SJR 39 is a bill that would add LGBT discrimination into the state constitution by way of a public vote. Missouri Senate Democrats held a record-breaking 39 hour filibuster of the anti-LGBT bill. Unfortunately, the Senate still forced a vote on the bill, and it was passed out of the Senate in a vote of 23-9.
SJR 39 attempts to add an amendment to the Missouri state constitution that would allow organizations and private businesses that provide wedding services to use religious beliefs in order to legally refuse service to same-sex couples. This includes bakeries and florists, but it could also include restaurants for your reception or dinner rehearsal or craft stores for your supplies. If passed in the House, this issue would be added immediately added to the August or November ballot, and your rights would be up for a public vote.

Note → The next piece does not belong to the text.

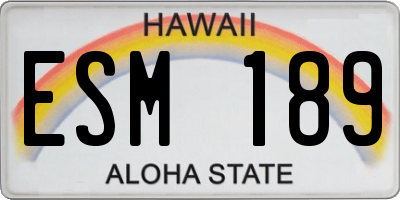 HI license plate ESM189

Currently, the Missouri Human Rights Act does not protect LGBT individuals and families. Without the Missouri Nondiscrimination Act (MONA), which we continue to work to pass, private businesses across the state already have the right to refuse services to LGBT people for any reason. However, many municipalities across Missouri do protect LGBT people. SJR 39 would make these municipalities unable to enforce their own ordinance.
This means that across the state, including in cities where nondiscrimination ordinances already exist, like Kansas City, St. Louis, Columbia, Maplewood, Ferguson, Kirksville, and eight others, private businesses could use religious beliefs as a reason to refuse services to LGBT couples getting married. These could be refused to all same-sex couples, or just some couples, all at the whim of the owner.
Current laws already exempt pastors and religious organizations from nondiscrimination laws altogether. Pastors, clergy, and churches do not have to perform marriages of any kind, including for a same-sex couple.
This danger is expounded by the fact that this bill aims to add these harmful actions to our state constitution by a public vote.